Quality of air alarms council

Air quality issues shroud the town of Milton. Photo By Gerard O'Brien.
Air quality issues shroud the town of Milton. Photo By Gerard O'Brien.
Milton has a "very large" problem, as monitoring of the town's air quality shows readings much higher than the national standard and close to the region's trouble spot of Alexandra, Otago Regional councillor Stephen Woodhead says.

The regional council only began monitoring the town's air quality at the end of May, but already it has exceeded the standard on 36 days, with the highest daily value reaching 145mcg per cubic metre.

It also exceeded 100mcg on eight days.

The National Environmental Standard is for the average daily PM10 level (particles less than 10 microns in diameter) not to exceed 50mcg in a 24-hour period more than once a year.

Cr Woodhead said Milton's air quality was nearly as bad as Alexandra's, which had one of the worst air quality records in Otago.

Alexandra had exceeded the standard on 52 days, with its highest daily value 150mcg.

The monitoring had upset some people in the town who did not have the level of understanding of air quality issues that Central Otago communities did, he said.

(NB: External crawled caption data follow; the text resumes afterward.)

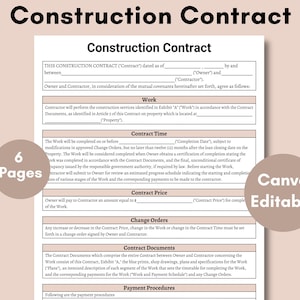 Printable Construction Contract - Construction Template - Handyman, Contract Template, Contractor agreement, renovation, remodeling contract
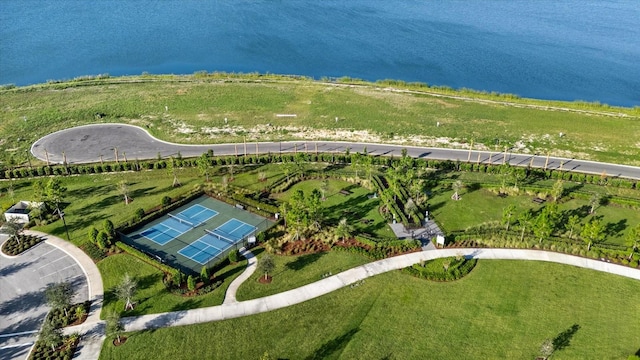 aerial view with a rural view and a water view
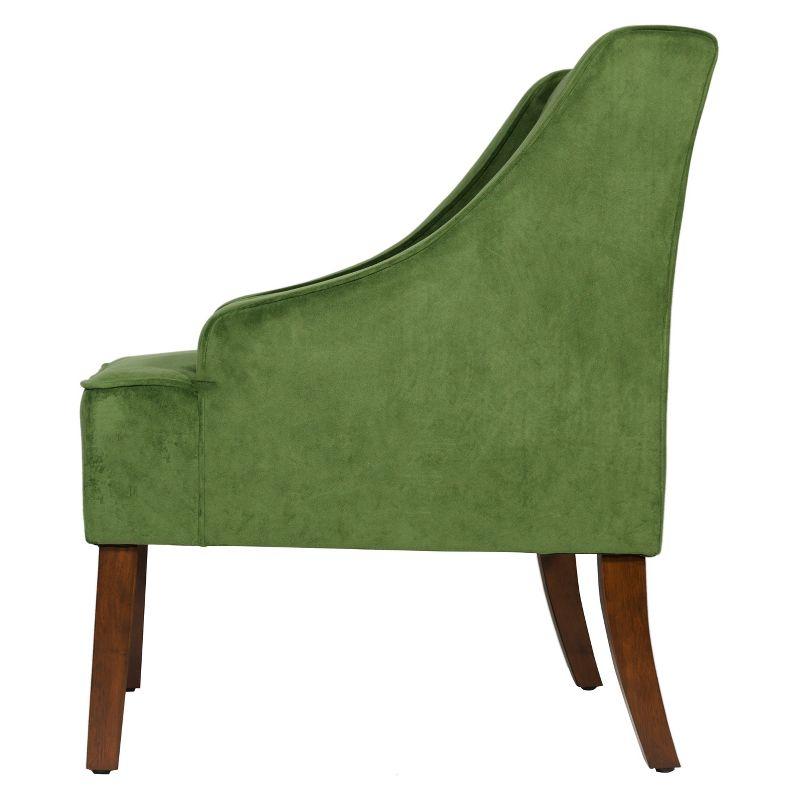 Forest Green Velvet Swoop Arm Accent Chair with Wood Legs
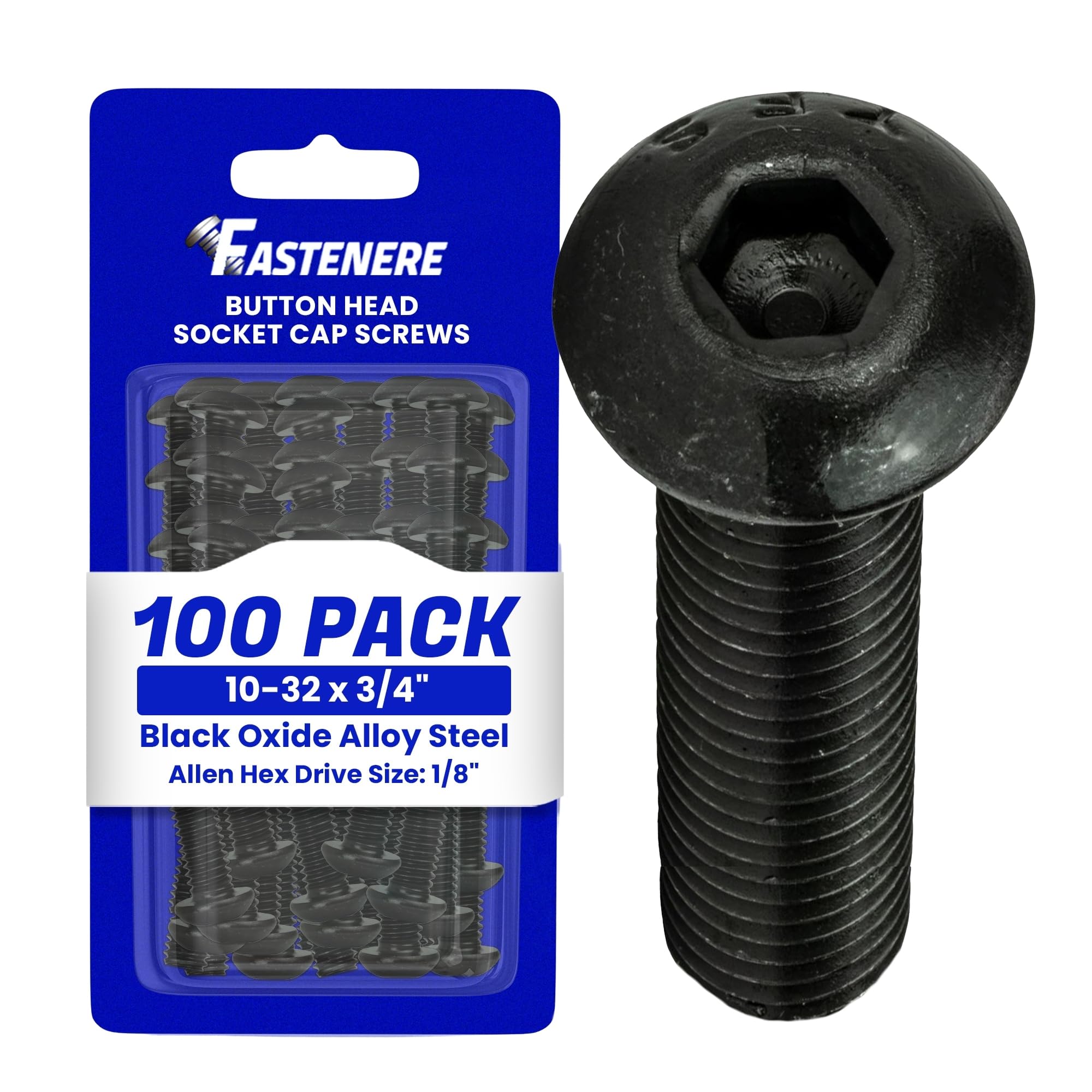 Fastenere Button Head Socket Cap Screws - 10-32 x 3/4" (100-Pcs) Alloy Steel, Fully Threaded, Fine Black Oxide Finish, Corrosion-Resistant, Machine
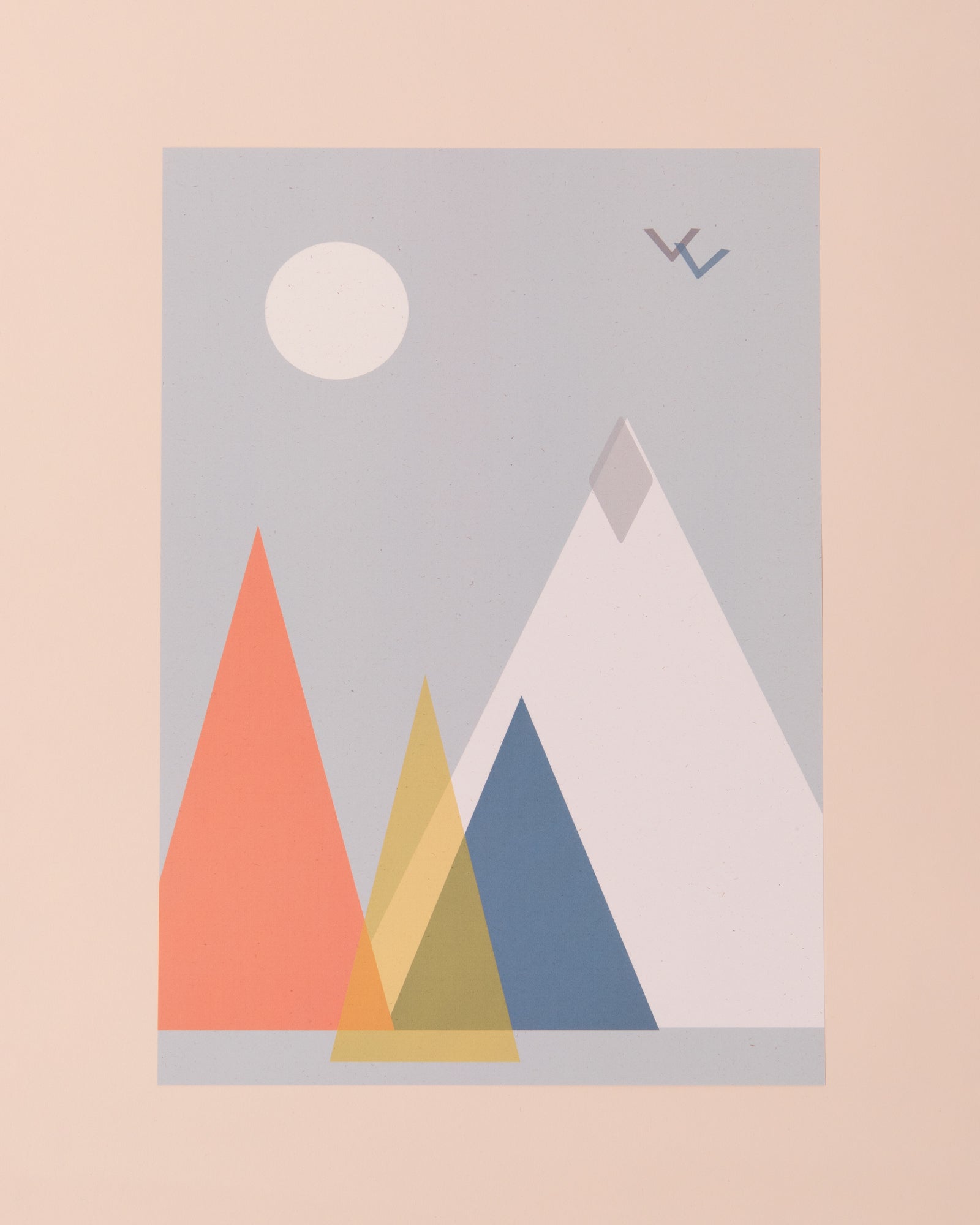 Colourful A4 art print of a mountain landscape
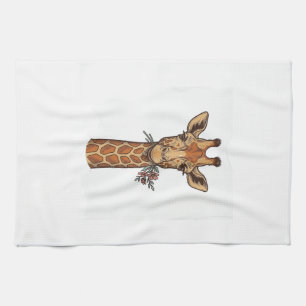 Linge De Cuisine Chemise Girafe Gravée Vintage Avec Fleurs_1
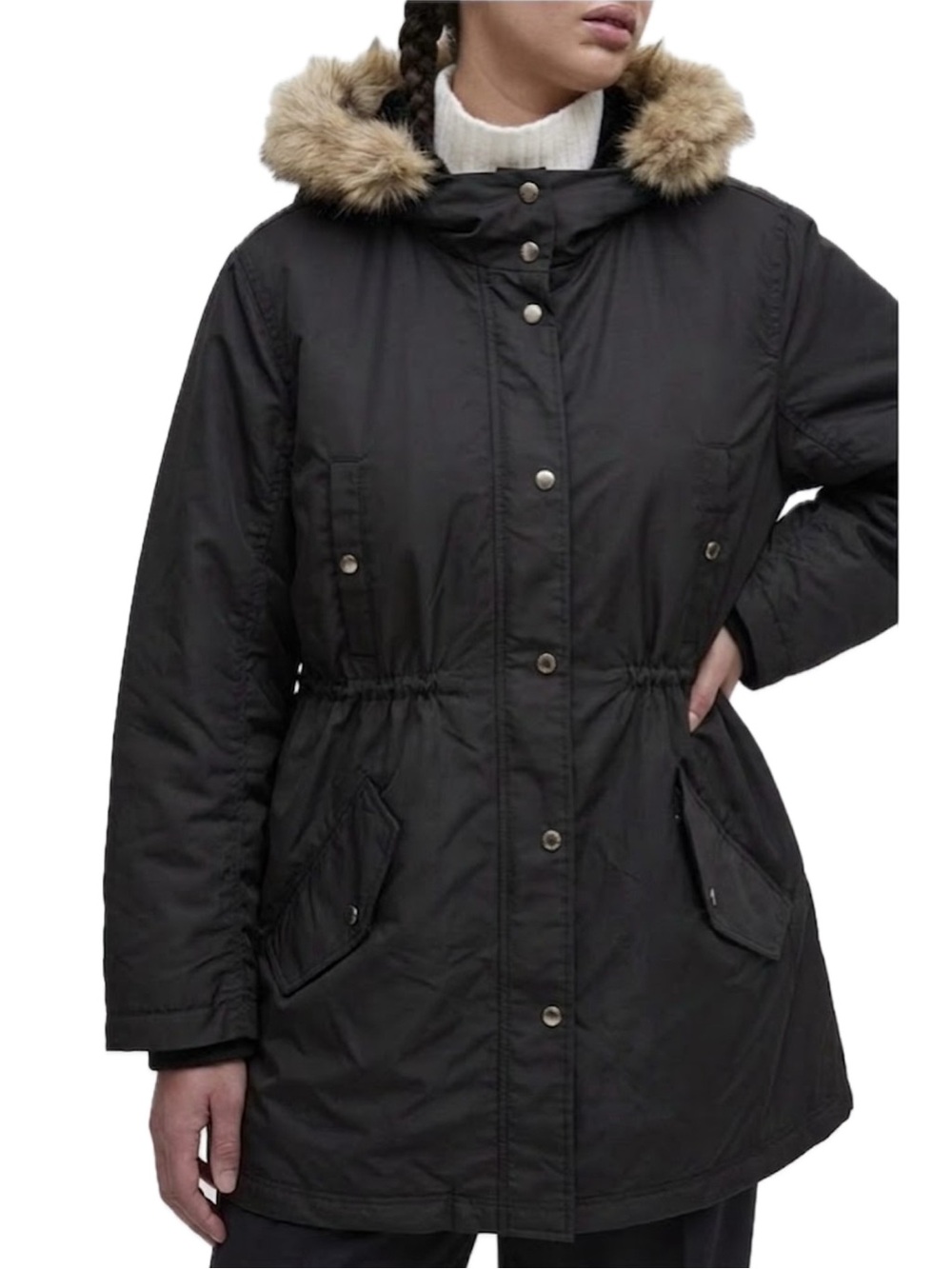 Madewell Belmont Hooded Parka Womens Size Large Black Removable Faux Fur Anorak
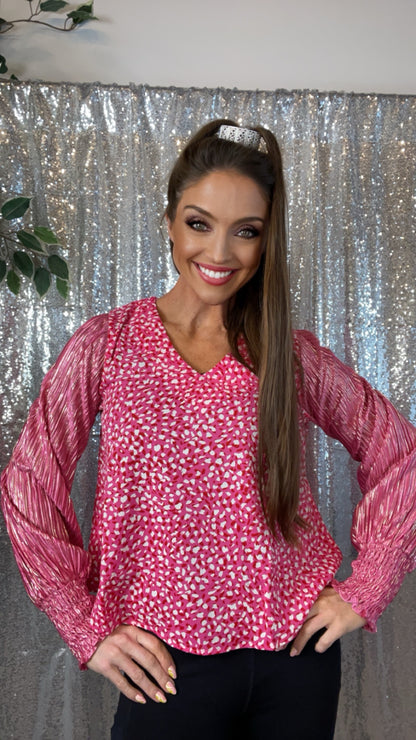 Pink Shimmer Sleeve Abstract Print Top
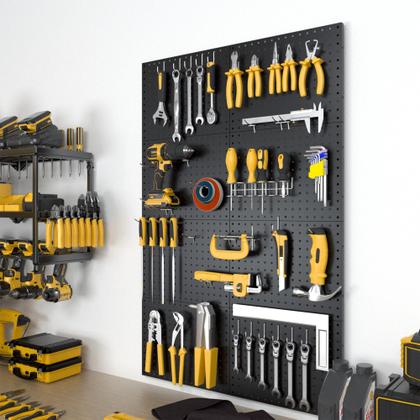 Imagem de Peg Board Spampur Metal Pegboard Panels, pacote com 8 e 50 ganchos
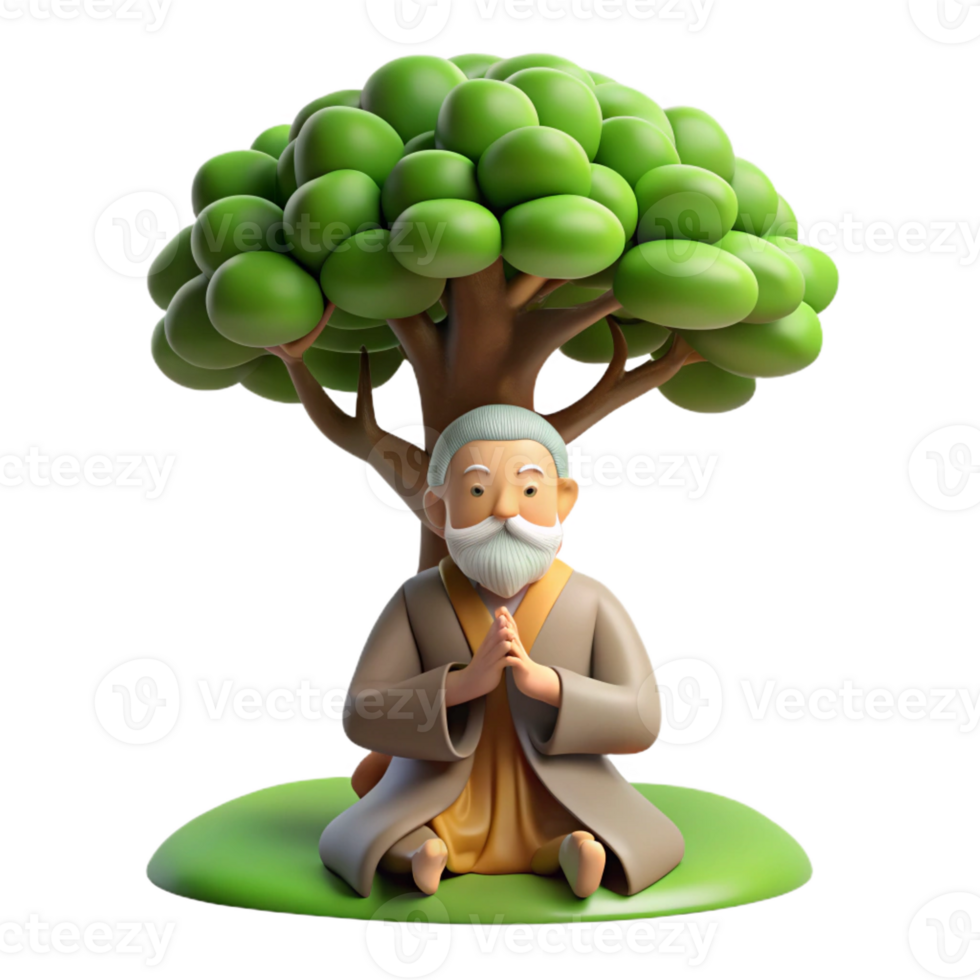 vibrant rustic A Wise Old Druid Meditating Beneath a Gia high quality png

"It is a fresh issue to them."

Cr Gretchen Robertson said the high levels had major implications for the town and its industries, as for the regional council to issue resource consents the air quality would have to meet the standard.

Council air quality scientist Deborah Mills said as it was still early days in the town's monitoring, they were uncertain what or how significant the problem might be.

Air quality issues were two-fold, involving emissions and topography and climate.

Anecdotal comments indicated the town had a huge reliance on coal heating as it was abundant and cheap, she said.

The town's housing stock was also old and probably lacked insulation.

Added to this was the climactic conditions which seemed to mean any smoke from burn-offs in surrounding areas was blown into the town and stayed there.

Unlike other coastal Otago towns, like Oamaru and Dunedin, smoke just did not blow away in Milton.

"It's a surprise to us. Somehow, Milton is just not in the same situation."

Next month, at the end of winter monitoring, the temperature and wind readings would be examined to see if any pattern had developed.

The relationship between weather and emissions would also be looked at.

"Early this season, the temperature minimums were as low as Central."